In 2004, Tjampitjinpa was elected to Chairman of the Papunya Tula Artists – the pioneer artist-owned cooperative model – this year celebrating its 40th anniversary. Papunya Tula have not only promoted individual artists, but provided economic development for the communities to which they belong (including youth, educational, sporting, health and transport programs) and assisted in the maintenance of a rich cultural heritage.
Tjampitjinpa’s work features in the National Gallery of Victoria’s (NGV) ‘Tjukurrtjanu: Origins of Western Desert Art’, which is an international touring exhibition set to open at Musée du quai Branly, Paris in October 2012. The Ronnie Tjampitjinpa series is based on two works;
‘Rain Making’ based on the original artwork, 'Rain Making At Malparingya’, depicting body paint designs associated with rain making ceremonies at the site of Malparingya, slightly south east of Wilkinkarra (Lake Mackay).

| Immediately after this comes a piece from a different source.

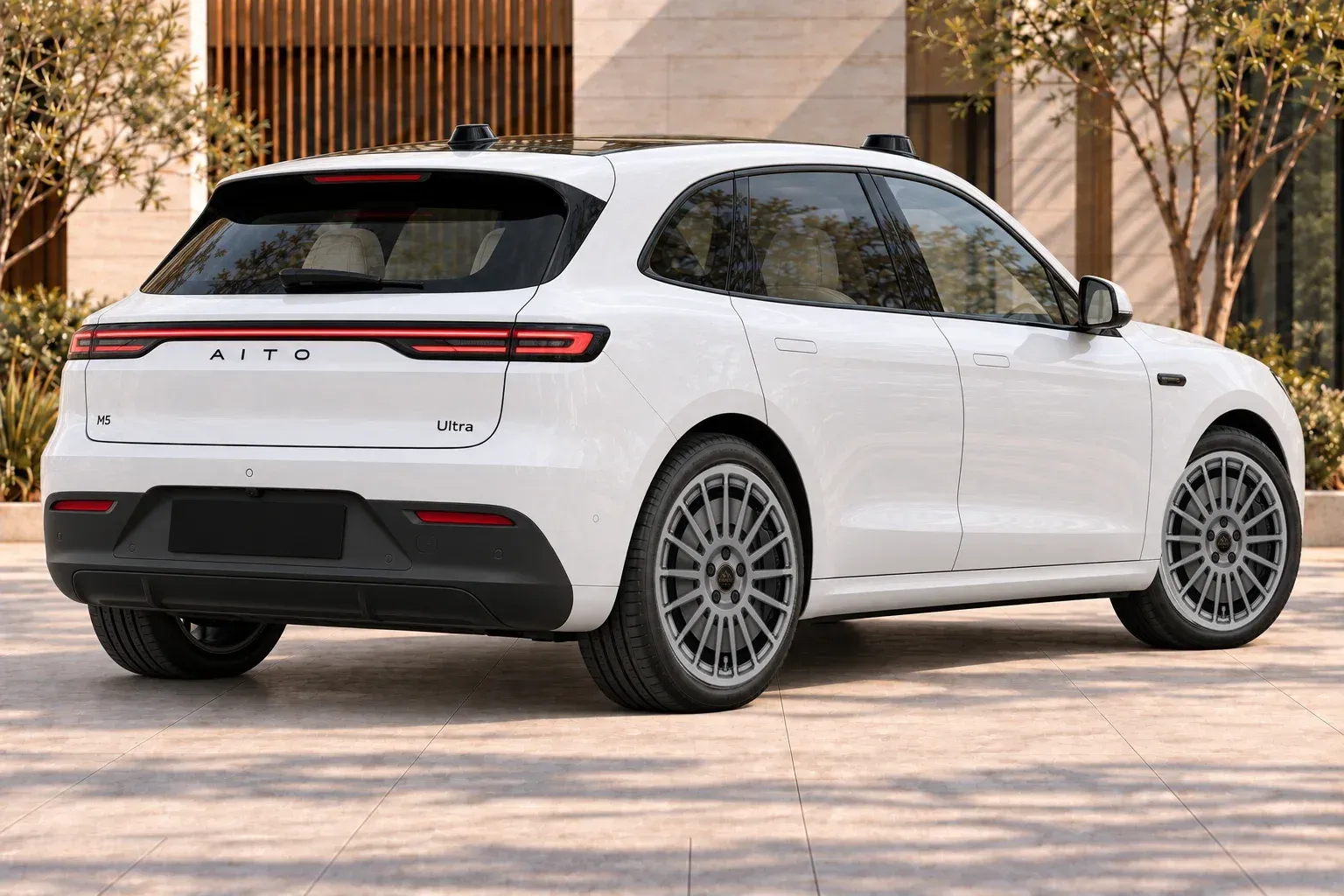 2025 Aito M5 Ultra with EW-P-CS-004 wheel, rear right 45 view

‘Echidna Dreaming’ based on the original artwork, 'Echidna Dreaming At Tjungaringya‘, depicting body paint designs associated with Tingari ceremonies relating to the Tjilkamata (Echidna) Dreaming at the claypan and rockhole site of Tjungaringya, south of Lake Mackay.
‘Perentie Dreaming’ based on ‘Perentie Dreaming At Walungurru’, depicting the Tingari myth of the Ngintaka (Perentie) lizard, tracked by two women who killed it. The Perentie turned to stone, forming a prominent landmark at Kintore, in the Northern Territory.
(Generally, the Tingari are a group of ancestral beings of the Dreaming who travelled over vast stretches of the country, performing rituals and creating and shaping particular sites. The Tingari men were usually followed by Tingari women and were accompanied by novices, and their travels and adventures are enshrined in a number of song cycles. These ancestral stories form part of the teachings of the post initiatory youths today as well as providing explanations for contemporary customs.)
To document this exciting collaboration, we've filmed a series of short films – Papunya Tula Stories (above) – the first time, Ronnie was filmed painting and was interviewed on location at Kintore, 500 kms west of Alice Springs, Northern Territory. We also filmed NGV Senior Indigenous Art Curator, Judith Ryan, at Musee quai du Branly.